The USDA grant is $1 million for two years and includes support for hands-on interactive digital health training for health professionals and the general public, virtual reality (VR) digital health training for first responders and paid summer internships for K-12 students, as well as teachers, faculty and nursing students. The AT&T grant is $15,000 and funds Delta-area school field trips and a shadowing opportunity for underserved students at digital health resource centers in Lake Village, Pine Bluff and Helena-West Helena.

The Arkansas Rural Health Partnership (ARHP) and Jefferson Regional Medical Center in Pine Bluff are working with UAMS in the training effort called Arkansas Technology Training and Rural Assistance Center for Telehealth (ATTRACT). The effort will use training centers at the ARHP offices in Lake Village, the UAMS East Regional Campus in Helena-West Helena and Jefferson Regional Medical Center School of Nursing in Pine Bluff.
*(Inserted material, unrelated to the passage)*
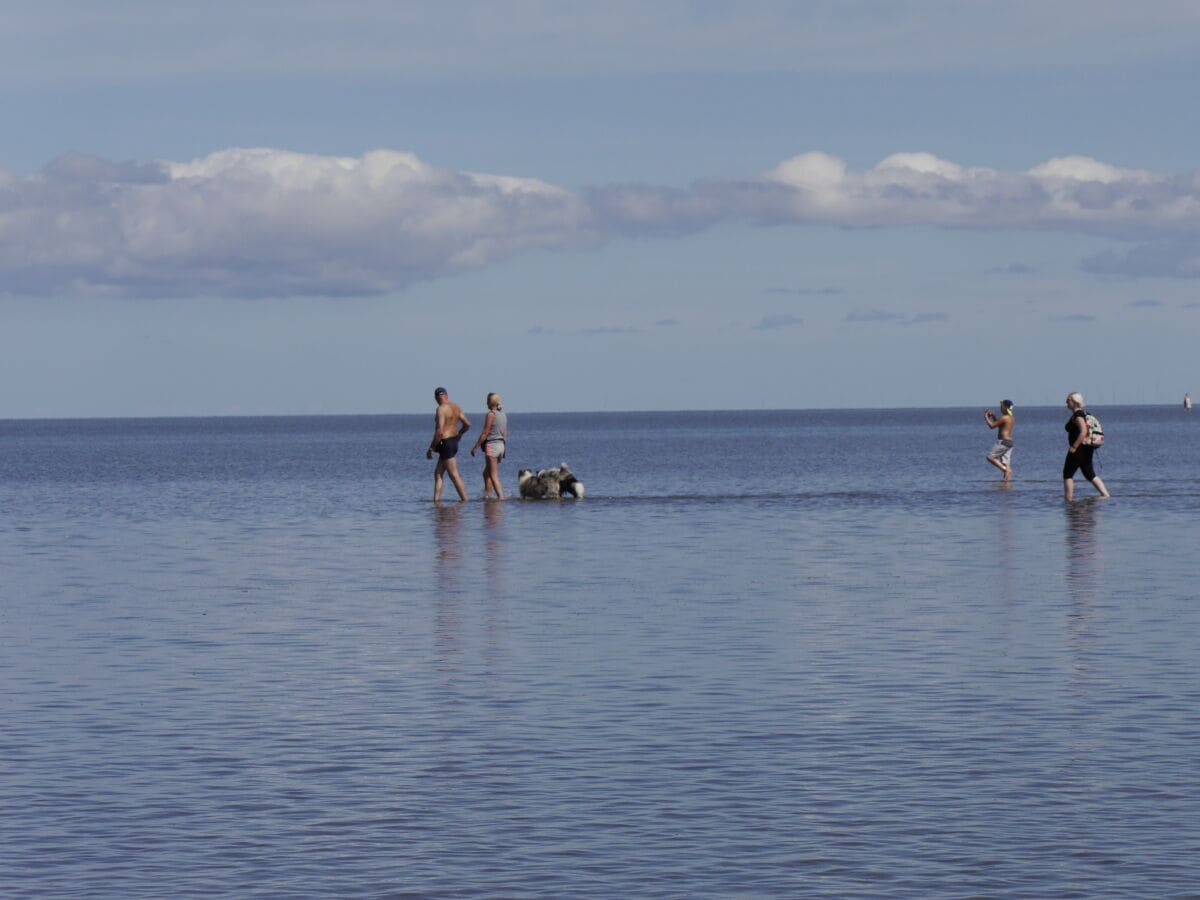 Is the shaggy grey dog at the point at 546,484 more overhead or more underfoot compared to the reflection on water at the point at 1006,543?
more overhead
During the two-year period, ATTRACT intends to assist 160 local businesses, provide trainings for 800 Arkansans, create up to 18 jobs and save seven jobs through grant funding support.

Digital health education and trainings are useful to help patients and providers learn more about available technology that can make health care more accessible, especially in rural areas of the state. The principal investigator for both grants is Melony Stokes, DNP, RN, MSN, the senior director of programs for the UAMS Institute for Digital Health & Innovation.

“The Delta remains underserved in terms of health care access,” Stokes said. “My overall goal is to educate as many community members, patients, providers and students on the advantages of digital health and how it can be utilized in health care.”

Interested Delta-area schools will receive a stipend of up to $1,078 to compensate for field trip costs, including transportation, meals and other costs to ensure trips are free for students who wish to participate. The grant also gives students access to shadow a health professional to learn more about careers in health care and technology. Paid internships for high school students, college students as well as instructors are possible under the USDA grant, Stokes said.

The trainings, which can accommodate hundreds of attendees each year, provide varying levels of information on digital health. Topics include the benefits of digital health as well as potential career opportunities as medical or technology professionals. Students also have the opportunity for hands-on demonstrations with digital health devices such as blood pressure monitors, EKGs, stethoscopes and otoscopes.

The VR trainings are specific to first responders, including firefighters, police, emergency medical technicians, wildlife officers and the National Guard. The sessions expand on trainings offered by the UAMS Centers on Aging, a program of the UAMS Donald W. Reynolds Institute on Aging, about Alzheimer’s disease and other dementias, offering law enforcement and first responders to conduct search-and-rescue operations for those living with dementia.